Il traque la formule heureuse, l'image qui vous touche comme une caresse, la phrase qui se change en souffle tiède quand les feuilles murmurent dans une nuit de juillet. Jean O'Neil sait l'art des «petits bonheurs quotidiens» que l'on vit trop souvent sans s'arrêter.
Sans être un fidèle des récits de Jean O'Neil, il m'est arrivé de croiser l'un de ses livres assez régulièrement parce qu’il écrit beaucoup. Je pense à «Bonjour Charlie», à «Terre rompue» où O'Neil explorait un coin de pays que je connais particulièrement bien. J'ai toujours éprouvé du plaisir sans être enthousiasmé. Un peu de déception quand l'écrivain coupe rapidement, remue des clichés sans leur tordre le cou. Mais quel plaisir quand, au détour de la lecture, comme dissimulée derrière une grosse épinette joufflue, une image vous coupe le souffle. Il suffit de se pencher sur des morilles ou, retenir son souffle devant une sterne, à Godbout, quand elle se jette dans la mer. Après ce moment de grâce, nous sommes prêts à tout pardonner à Jean O'Neil.

Nouveau regard

L'homme explore, l'homme marche le Québec, nous entraîne dans des voyages que nous avons fait des dizaines de fois. Il raconte la ville, un bout de rue qui devient un sentier, s'attarde dans un parc pour surprendre le monde. C'est par cela surtout que Jean O'Neil est un écrivain nécessaire.
«Le printemps en ville, en banlieue surtout, c'est le merle qui siffle dans le lilas, aux crépuscules de l'aube et du soir, et qu'on voit sautiller sur la pelouse pour lui tirer les vers du nez.

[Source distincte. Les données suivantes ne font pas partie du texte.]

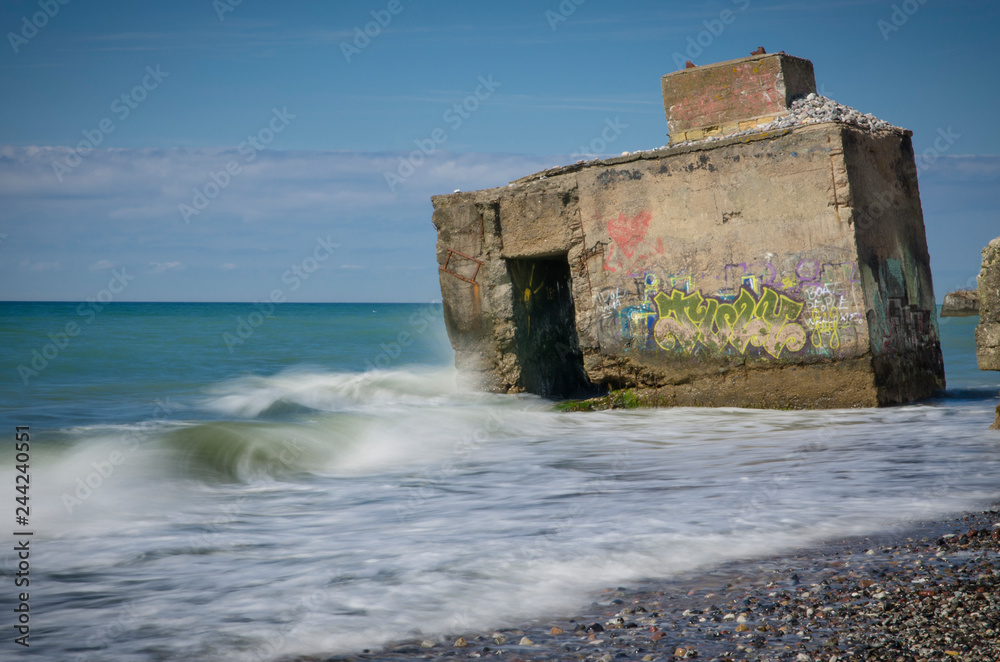 Verfallener Bunker im Meer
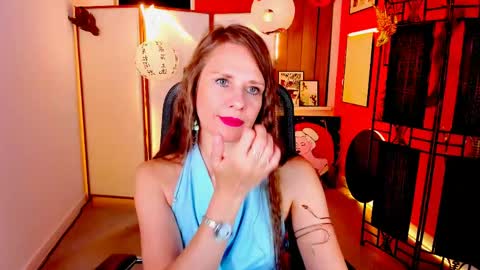 Snapshot of emiliabedy chatting on June 8, 9:09 am Emilia Bedy online show from June 8, 9:09 am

Ce sont les hirondelles bicolores qui font l'amour sur la corde à linge près du poteau où est planté leur nichoir.» (p.43)
Mot à mot, récit après récit, pas à pas, Jean O'Neil sillonne ce Québec qu'il aime et qu'il ne cesse de découvrir. Il a le très grand mérite de montrer à tous qu'il suffit d'avoir l'oeil, un peu de temps pour surprendre les merveilles qui nous entourent. C'est dans le détail, ces petites aquarelles qu'il faut le déguster sourire aux lèvres.
«La morille est une déesse. Elle se fait rare et subtile. Elle se pique d'être la délicatesse de la terre dans la grossièreté de son environnement, et elle fait cela avec une autorité gênante. Je ne sache pas que quiconque soit passé à côté d'une morille sans la voir. Si petite soit-elle, elle s'impose. Elle proclame humblement qu'elle n'appartient pas à son milieu.» (p.69)
Comment ne pas vouloir y goûter après cela?

«Les escapades» de Jean O’Neil est paru aux Éditions Libre Expression.